The answer must be an exact copy of the lines from the one with "Pick Me Up side" through the final line below, with no pictures and nothing else.

================

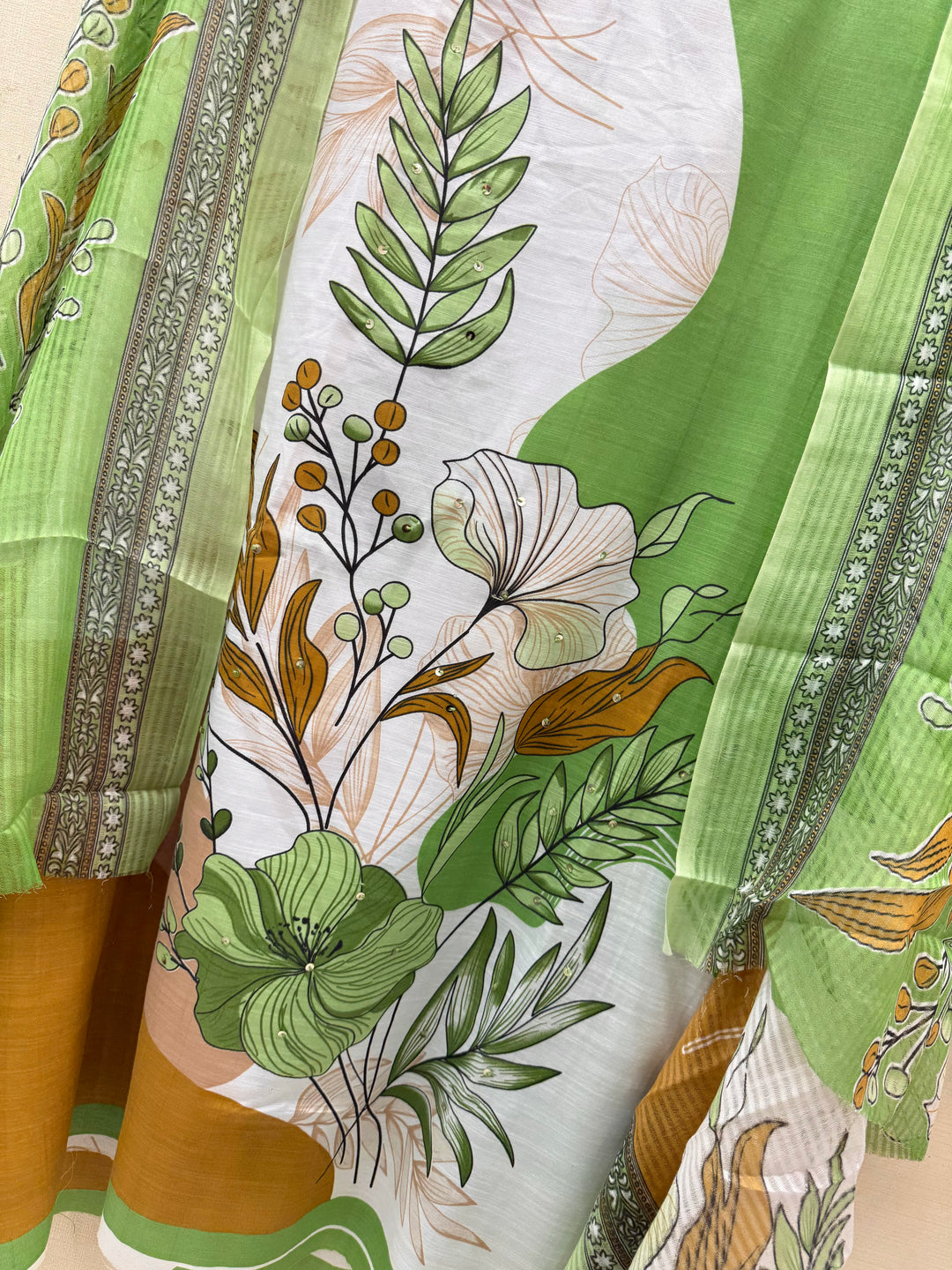 Semi Cotton Unstitched Suits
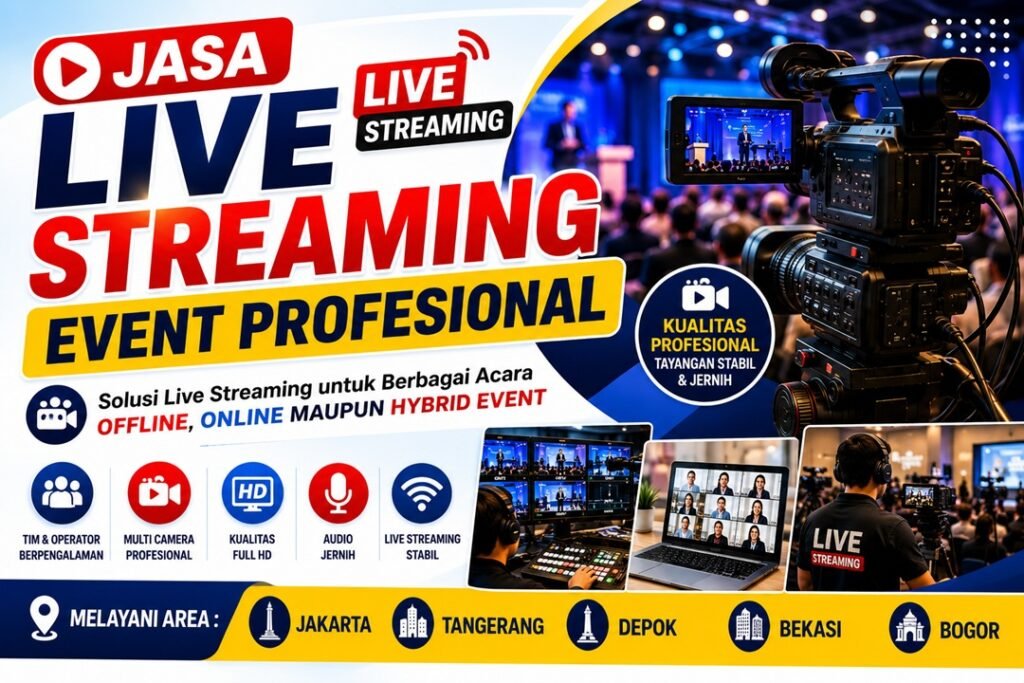Jasa Live Streaming Event Profesional Di Jakarta , Tangerang , depok , bekasi Dan Bogor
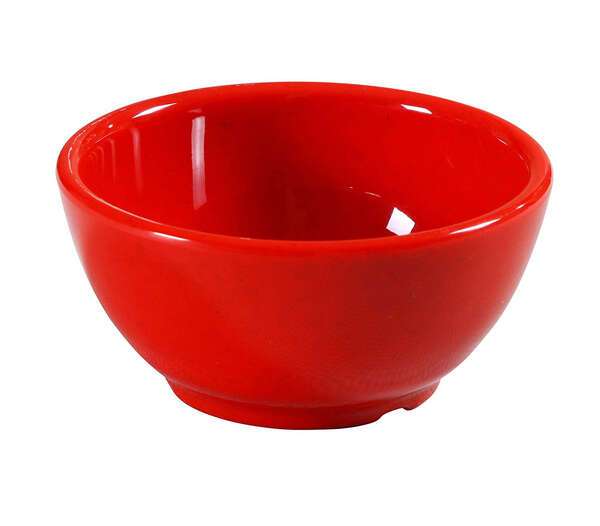 Yanco ME-505 14 Oz Mexico Melamine Round Red Bowl, 48/CS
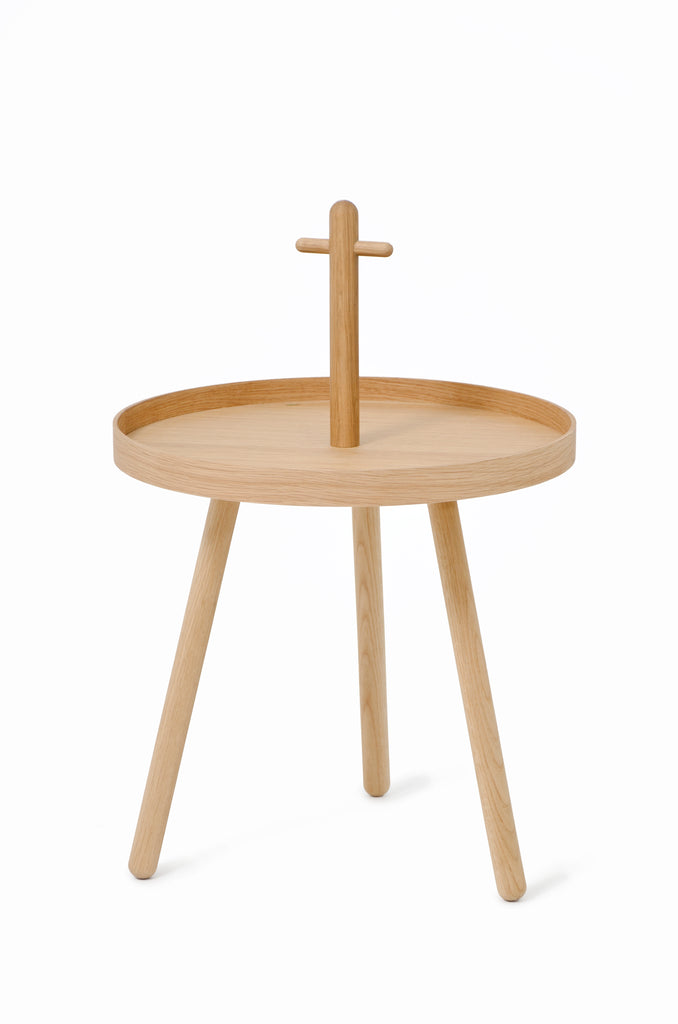 Pick Me Up side table - oak - des. Lincoln Rivers for Wireworks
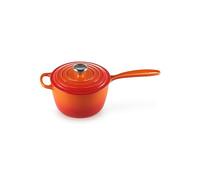 Le Creuset Casserole en Fonte Émaillée Signature avec Poignée Thermorésistante et Couvercle, 18 cm, 2,2 L, Volcanique, 21181180902430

================

Expected output:
 Pick Me Up side table - oak - des. Lincoln Rivers for Wireworks
 Le Creuset Casserole en Fonte Émaillée Signature avec Poignée Thermorésistante et Couvercle, 18 cm, 2,2 L, Volcanique, 21181180902430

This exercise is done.